Spicy Pumpkin Pie Recipe An Easy Holiday Favorite
Pies & Tarts, Holiday Favorites
This pumpkin pie is quick and easy. The best part is the pie crust, which has a crisp flaky texture. Look for more Pie and Tart Recipes from Clabber Girl.
Clabber Girl Pie Crust
- 1-1/2 c. all-purpose flour
- 1/4 tsp. Clabber Girl Baking Powder
- 1/4 tsp. kosher salt
- 10 Tbsp. butter cold and cut into chunks
- 3-4 Tbsp. ice water as needed
Mix the flour, salt and baking powder in a large bowl. Add the butter. Using a pastry blender or your fingers, cut the butter into the flour until the mixture resembles coarse bread crumbs with some pea-size pieces of butter.
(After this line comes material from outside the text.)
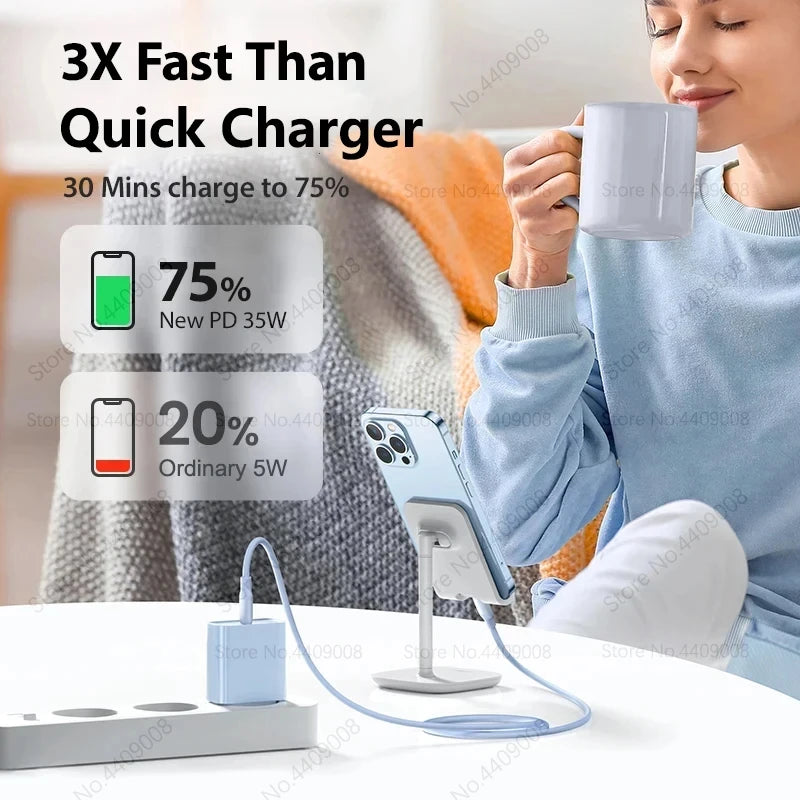 PD 35W USB C Fast Charger For Apple iPhone 16 15 14 13 12 11 Pro Max Fast Charging USB C Type C Charger Cable Phone Accessories - Merit Sell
Gradually stir in enough of the water for the dough to clump together. Gather up the dough and form into a disc, wrap in plastic wrap, and refrigerate until chilled but not hard, 1 to 2 hours.
On a lightly floured work surface, roll out the dough into a 1/8-inch-thick round. Transfer to a 10-inch pie dish, trimming the dough to a 1/2-inch overhang around the edges of the dish. Tuck the overhang under the dough on the rim and flute the edges. Prick holes in the bottom with a fork. You can make the crust in advance and store in the freezer for up to 3 days. No need to thaw the crust before baking.
Thoroughly combine pumpkin, sugar, salt and spices. Blend in eggs and evaporated milk. Pour mixture into unbaked 9-inch pie shell.
Bake at 400 degrees F. for 50 minutes, or until a knife inserted in center comes out clean. Makes one 9-inch pie. Let cool completely and top with whipped topping.